Cette année, Bordeaux est plus que jamais tournée vers le vin et la figure de Bacchus. Ouverture de la cité du Vin et fête du vin au mois de juin et programme culturel dédié avec Bacchanales Modernes, une programmation transversale qui unit beaux arts, photographie, danse, musique et cinéma autour de la figure de Bacchus.
Une figure ambivalente, qui au XIXème siècle, période explorée par l'exposition Bacchanales Modernes à la Galerie des Beaux-Arts, cristallise tensions et paradoxes sociaux. La société du XIXème, corsetée en public, est en même temps assez libérée dans le privé comme en témoignent certaines des œuvres présentées dans un parcours thématique qui explore les différentes facettes des compagnes de Bacchus. A l'origine nourrices de Bacchus, les Bacchantes faisaient cortège autour de lui, courant et dansant à demi-nues ou couvertes de peaux de panthères. Pas étonnant alors qu'elles soient associées aux figures des danseuses et des chanteuses parisiennes du XIXème, libérées et sensuelles. Mais ces figures de vie ont aussi des caractéristiques inquiétantes : sauvages et mortifères (elles assassinent Orphée dans une version de son mythe), elles représentent des instincts charnels que cette société souhaite juguler et contrôler pour préserver l'ordre social. Le parcours -imaginé par la directrice du musée en partenariat avec le directeur du musée des Beaux-Arts d'Ajaccio et Sara Vitacca, doctorante en histoire de l'art- et scénographié par Hubert Le Gall met en scène ces tendances en réunissant 130 œuvres venues entre autres d'Orsay, du Louvre, du Petit Palais.
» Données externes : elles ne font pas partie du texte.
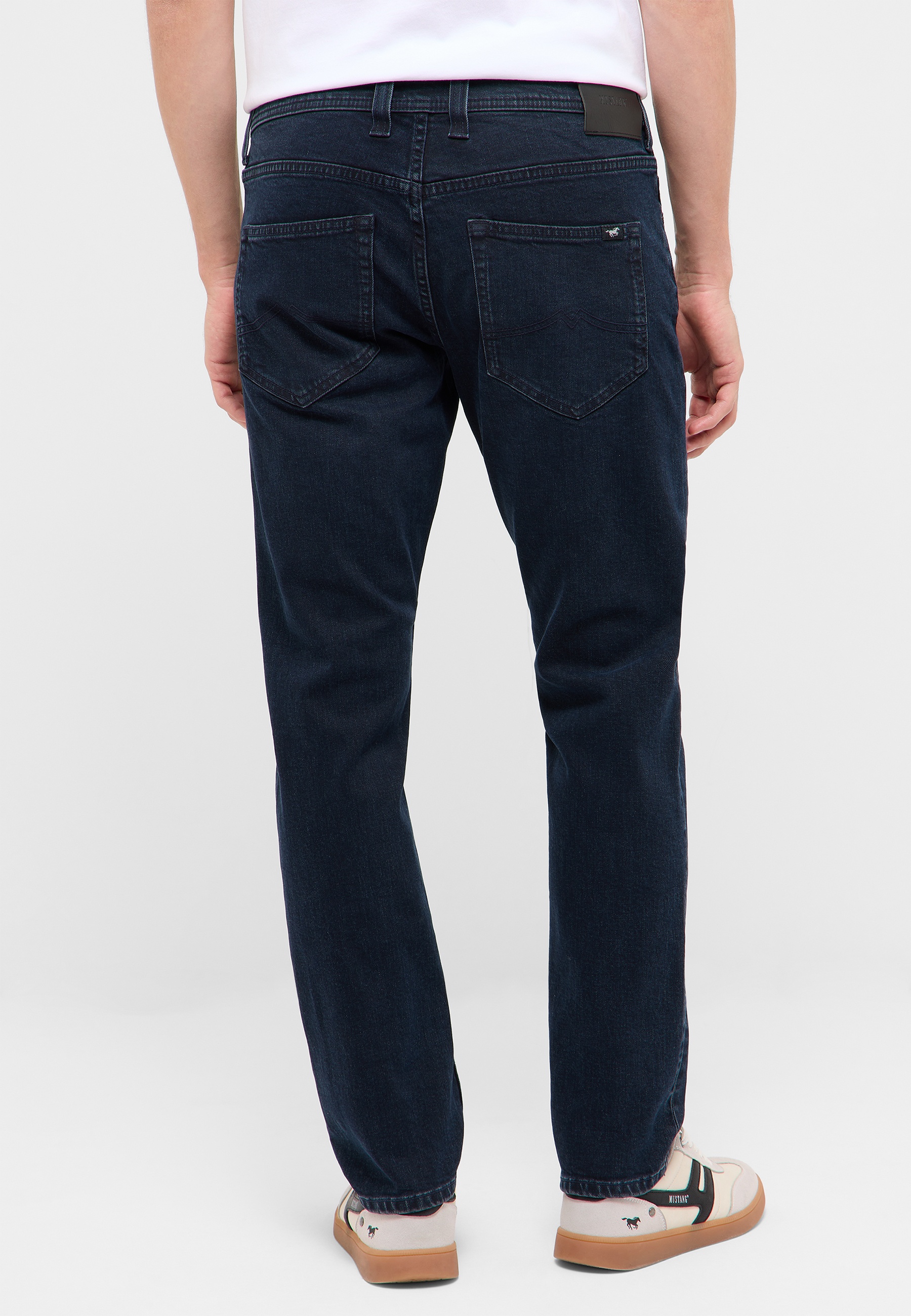 jeans, Denim, hintere taschen, dunkle Waschung, schlank geschnitten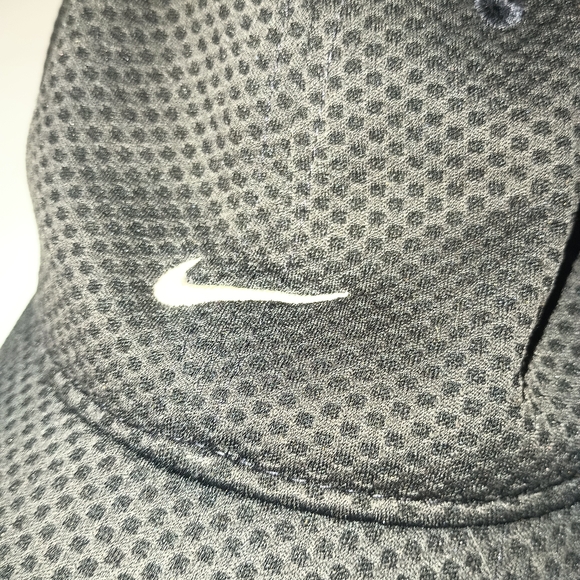 Up for sale is a Nike dri fit ball cap with Velcro closer - Picture 2 of 5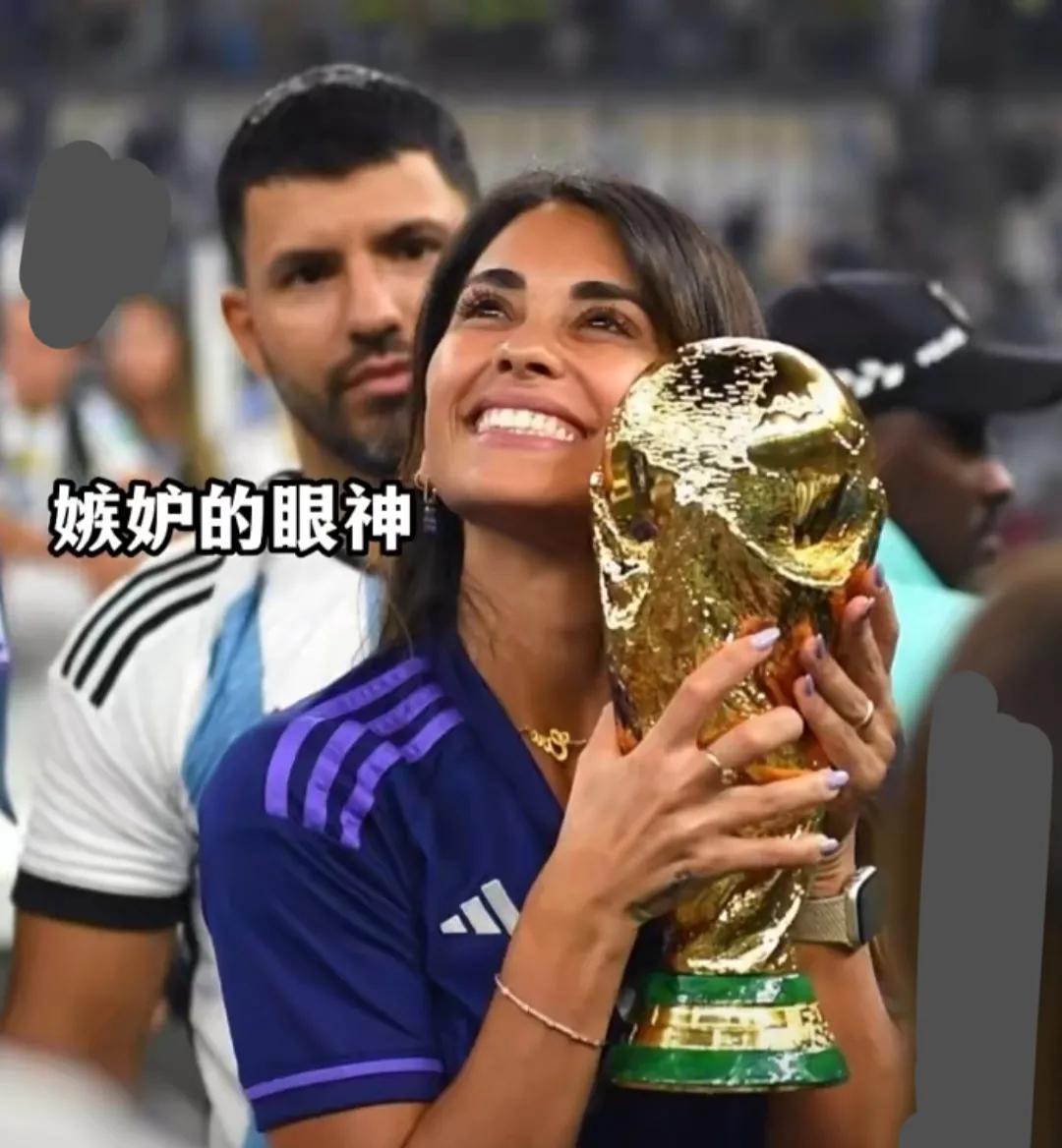 2022卡塔尔世界杯贺炜祝贺梅西,贺炜2014世界杯梅西错失大力神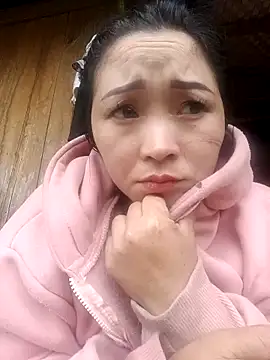 miemie-xx online show from 10-21-25, 02:34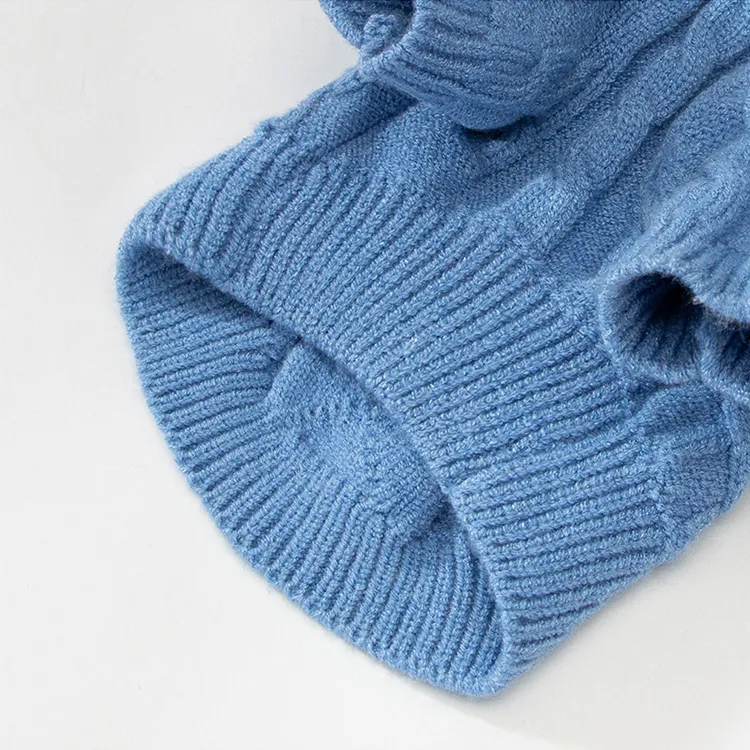 custom-cable-knit-pet-sweater-hem-details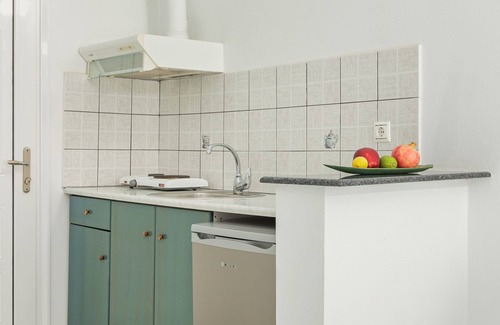 Lygia Apartment | Staikos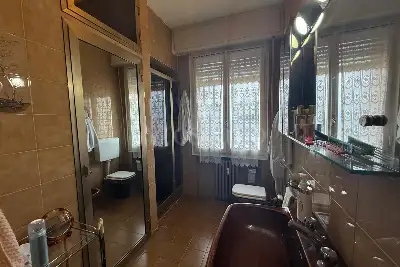 Casa in vendita, Piazzale Risorgimento, Modena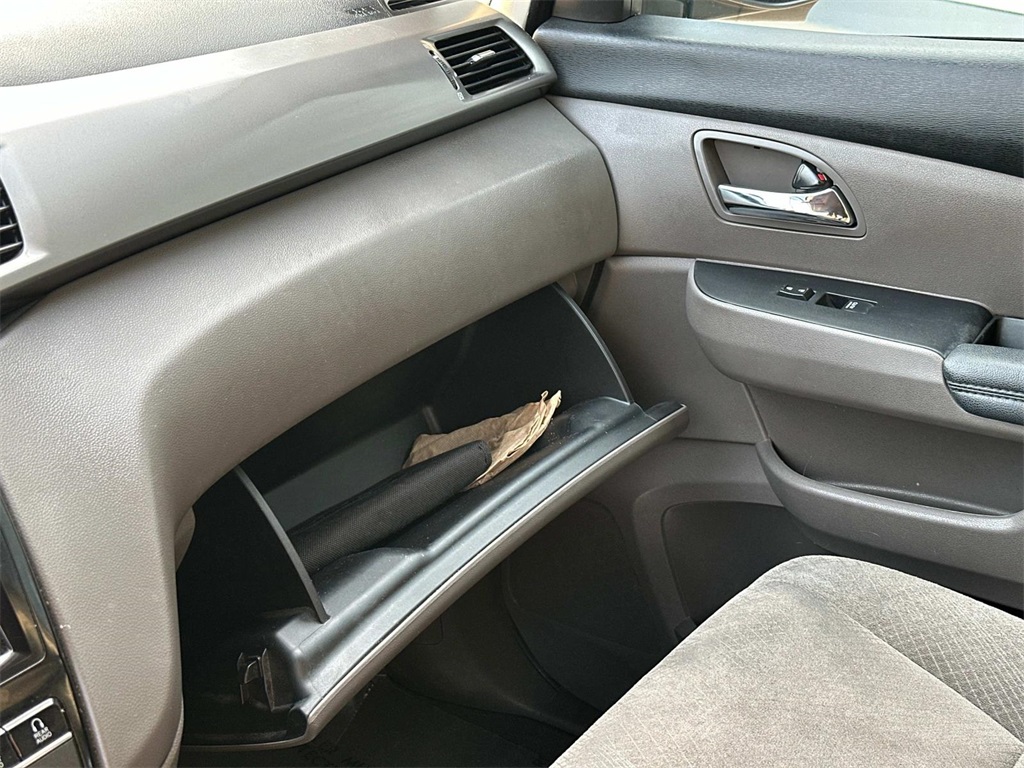 2016 Honda Odyssey SE photo 24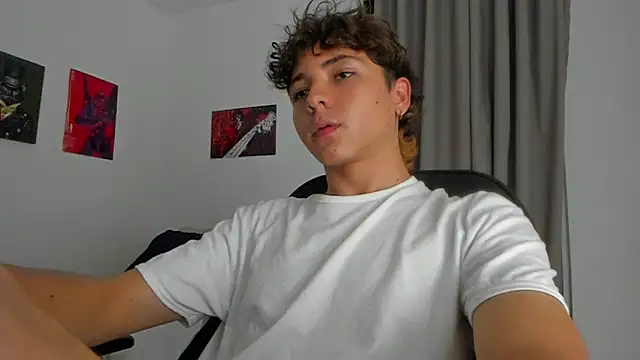 Snapshot of Joe23__ chatting on 09-26-25, 05:25 Joe23 online show from 09-26-25, 05:25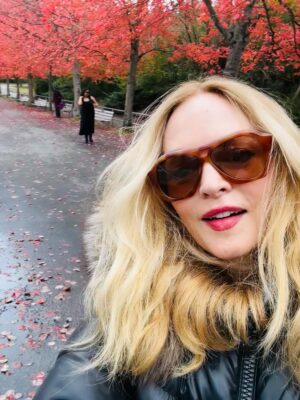 Heather Graham Instagram - I’m so excited I got to work with @flanaganfilm and the talented cast and crew on @stephenking’s Carrie🩸for @primevideo .
And @flanaganfilm has the original Rollergirl rollerskates from Boogie Nights!!!
So I was reunited with my Rollergirl skates as you can see in these photos. Good memories… 🛼🛼💕
We shot the Carrie tv series in Vancouver. Have you been? I think it’s one of the most beautiful cities. I’m obsessed with the bike path in Stanley Park. 🚲🍁
The food there is good…
🍁❤️🍣🚲🇨🇦✨🌈🛼
#vancouver #carrie #boogienights #rollergirl #bike #bikegirl #bikeride #stanleypark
Il débute par la mise en évidence de l'aspect mythique du thème, accueillant le public avec la reproduction d'une œuvre de William Bouguereau. Le premier espace présente ainsi des œuvres inspirées par ce sujet antique, de Gérôme à Rodin en passant par le romantique Gustave Moreau.
Mais l'académisme est ici vite bousculé. Ainsi, Satyre et Bacchante, marbre de James Pradier exposé dans le parcours, fait scandale au Salon de 1834. La figure de la Bacchante y est si réaliste et incarnée que la rumeur courut qu'elle a été moulée sur le corps du modèle Juliette Drouet (plus connue comme la maîtresse de Victor Hugo). La Bacchante, on le verra dans les salles suivantes, excite en effet les Bourgeois par son érotisme. Une sélection de vues stéréoscopiques nous met dans la position du voyeur polisson, et introduit le tableau irrévérent d'Edouard-Antoine Marsal Satyre et Bacchante. Cette nouvelle vision plus populaire fait de cette dernière un avatar de la courtisane, femme aux mœurs légères, et par extension muse, danseuse ou actrice. Le groupe de la danse, sculpture de Jean-Baptiste Carpeaux qui orne la façade de l'Opéra Garnier depuis 1969, fut ainsi victime de cette mauvaise réputation et dégradée par des conservateurs qui demandèrent son retrait. Car la liberté de ces femmes échevelées, nues et mouvantes est aussi menaçante. Comme le dit Isadora Duncan -qui posa les fondations de la danse moderne- « La danse, c'est l'extase dionysiaque qui emporte tout », c'est l'absence de contrôle. Sous le vernis des œuvres se dévoile alors un discours misogyne. Dans La mort d'Orphée, les Ménades déchirent le corps du héros, alors que chez Gérôme ou Edgard Maxence, la femme, inquiétante, porte des attributs animaux.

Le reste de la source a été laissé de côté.